There’s a storm brewing, and it’s not just all this rain we’re putting up with. It’s the increasingly sour feelings of those left behind in our runaway real estate market. According to McLean’s, the have-nots are praying for a housing market crash, even if it means their overextended friends would suffer.
After the recent publication of her controversial Toronto Life article, Catherine Jheon faced a backlash to her tone-deaf recounting of the renovation of her Parkdale “crack house,” and then her husband, Julian Humphreys, compounded matters with an even more tone-deaf post on his website that blamed the editor of the piece, and went all the way back to the 1930s to start explaining exactly how not-privileged he is.
The couple not only cluelessly hired a toothless, homeless contractor off the street to head up their reno and then seemed surprised when things didn’t go well, but already own property in Mexico, went on to write a Cottage Life article about their acquisition of a recreational property, and used money lent to them by a rich godfather to complete the reno on the home that’s now worth millions.
Meanwhile on the renters’ market in the same neighbourhood, tenants are going on rent strikes (and subsequently finding themselves evicted) to protest a lack of repairs and rent increases above regular limits.
It’s a problem that has been colourfully illustrated lately, but it isn’t a new problem, and it doesn’t just show up in the housing market. In 2014, The Broadbent Institute published then-new Statistics Canada findings that showed that our country’s wealth was heavily concentrated in the top 10% while the bottom 10% held more debt than assets.
That concentration in the top 10% was most pronounced in British Columbia. In 2012, the median net worth of the top 10% was just over $2.1 million, while the median net worth of the bottom 10% was negative $5,100.
We tend to think of ourselves in Canada as being egalitarian, good-hearted folk, but with the growing rift perpetuated in large part by the increasing lack of affordability in the housing markets in our biggest cities, it’s becoming harder to ignore the problem.
We may like to think that this isn’t something we Canadians have to think about, but rather a problem for countries with a lot more political problems that make it difficult to move wealth around, like perhaps Mexico, or for our increasingly fractured, radicalized neighbours to the south, but we’re not the only “nice” country facing it.
In February, Australia’s Fair Work Commission decided to cut weekend and public holiday pay in its hospitality, retail and fast-food sectors, with a resulting annual salary decrease of up to $6,000 for workers in those low-paying fields. The year before, research showed that the wealthiest Australians owned 71 times that of the poorest.

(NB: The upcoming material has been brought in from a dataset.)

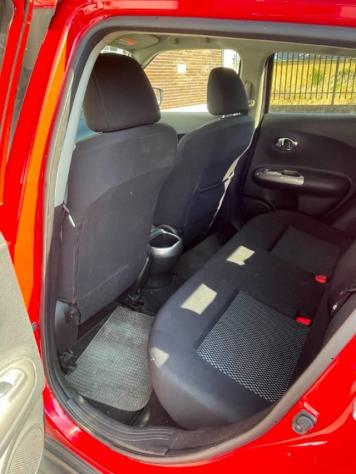 NISSAN Juke 1.2 DIG-T 115 Start&Stop Acenta rif. 23868419 - Foto 4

I find myself increasingly up against my own personal dichotomy as the financial landscape of ours and other developed nations continues to evolve. I’m a fan of capitalism. I think people should be encouraged to make money, to run businesses. But I also think everyone deserves a decent wage and an affordable place to live.
I’m not sure there are answers. Taxation is one way to redistribute wealth, and here at home at least we seem to still understand that it’s up to the haves to help pay for the schools, roads, emergency services and such that we all use, but redistribution should play a secondary role to helping lower- and middle-income families create wealth. But how do we do that?
And how do we keep the increasing wealth divide from dividing us as a nation? It’s not a simple problem, and the solution, if there is one, won’t be simple either, but not giving front-page stories to the hopelessly out of touch may be a good place to start.